Originally Posted by
Croyles
I don't understand why this is still being done? There are absolutely NO advantages to this anymore, and shouldn't have been a thing in the first place.
The main reason is the erroneous belief that it sells more records. It is demonstrably not true, but large numbers of people still believe it. There are also probably some idiots that actually think it sounds better.

Originally Posted by
chionos
Most vinyl releases don't receive a separate mix, which is why vinyl isn't as infinitely superior as most sound gurus want us to believe.

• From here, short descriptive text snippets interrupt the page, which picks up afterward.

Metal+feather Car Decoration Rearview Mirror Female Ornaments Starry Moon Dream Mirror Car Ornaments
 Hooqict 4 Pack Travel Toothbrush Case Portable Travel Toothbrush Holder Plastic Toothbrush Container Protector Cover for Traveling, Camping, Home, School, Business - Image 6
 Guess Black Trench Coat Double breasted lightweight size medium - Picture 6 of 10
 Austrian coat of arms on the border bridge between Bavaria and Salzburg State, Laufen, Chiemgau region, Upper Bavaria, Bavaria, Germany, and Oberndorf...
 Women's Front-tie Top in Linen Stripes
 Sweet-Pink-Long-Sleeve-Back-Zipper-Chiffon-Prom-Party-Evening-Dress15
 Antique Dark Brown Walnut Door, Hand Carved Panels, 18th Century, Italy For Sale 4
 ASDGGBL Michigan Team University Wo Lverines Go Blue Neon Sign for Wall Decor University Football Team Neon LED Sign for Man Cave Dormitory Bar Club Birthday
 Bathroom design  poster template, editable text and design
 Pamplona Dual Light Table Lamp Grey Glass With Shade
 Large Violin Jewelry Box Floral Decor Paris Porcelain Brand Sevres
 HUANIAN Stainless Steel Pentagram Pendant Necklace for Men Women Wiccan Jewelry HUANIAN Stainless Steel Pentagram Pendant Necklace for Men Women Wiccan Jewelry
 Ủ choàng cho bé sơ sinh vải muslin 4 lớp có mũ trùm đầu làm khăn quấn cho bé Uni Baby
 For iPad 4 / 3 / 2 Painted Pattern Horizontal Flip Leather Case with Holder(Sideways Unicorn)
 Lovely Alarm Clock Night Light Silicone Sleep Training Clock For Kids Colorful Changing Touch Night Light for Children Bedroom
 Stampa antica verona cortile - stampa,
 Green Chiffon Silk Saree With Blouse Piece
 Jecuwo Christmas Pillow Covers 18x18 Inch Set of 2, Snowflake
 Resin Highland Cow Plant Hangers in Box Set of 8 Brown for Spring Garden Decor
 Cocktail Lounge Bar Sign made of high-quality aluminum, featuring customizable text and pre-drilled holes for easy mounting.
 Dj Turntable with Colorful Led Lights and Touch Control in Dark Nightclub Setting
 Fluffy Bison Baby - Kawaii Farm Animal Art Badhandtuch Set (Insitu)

Nearly all the vinyl releases I own very obviously have separate mixes from the CDs. Of course, I almost never buy records from major labels, so that's probably a large part of why. No record label worth its salt will release the same horribly compressed mix they use for their CDs on vinyl. (Major labels are, of course, not worth their salt). Granted, if the CD mix wasn't compressed in the first place, it's entirely possible the vinyl used the same mix as the CD, but in any case with the rips I've made the spectrals go all the way up to 48 kHz (as opposed to 22.05 kHz for the CDs) so there is still quite a bit more fidelity on vinyl.
That said, there are a few vinyl releases I am aware of that very obviously used horrible volume compression (RHCP - Californication, Burzum - Belus, Metallica - Death Magnetic. RHCP's
Stadium Arcadium, by contrast, is an aversion of this trope; it was mastered by audiophile favourite Steve Hoffman and sounds much, much better than the CD, which was mastered by the aforementioned Vlado Meller and sounds every bit as horrible as the rest of his awful, awful mixes).
Thanks for the walkthrough TM, very thorough.
No problem. At this point I would amend it simply by pointing out that in many cases 99% threshold works much better than 95%. "Time's Scar" from Chrono Cross, for example, is horribly clipped (the second half of the track is a literal wall), and 95% threshold made no discernible difference. 99% recovered substantially more dynamic range - about 8 dB. One would not think that more sensitive threshold would work better, but in this case it did.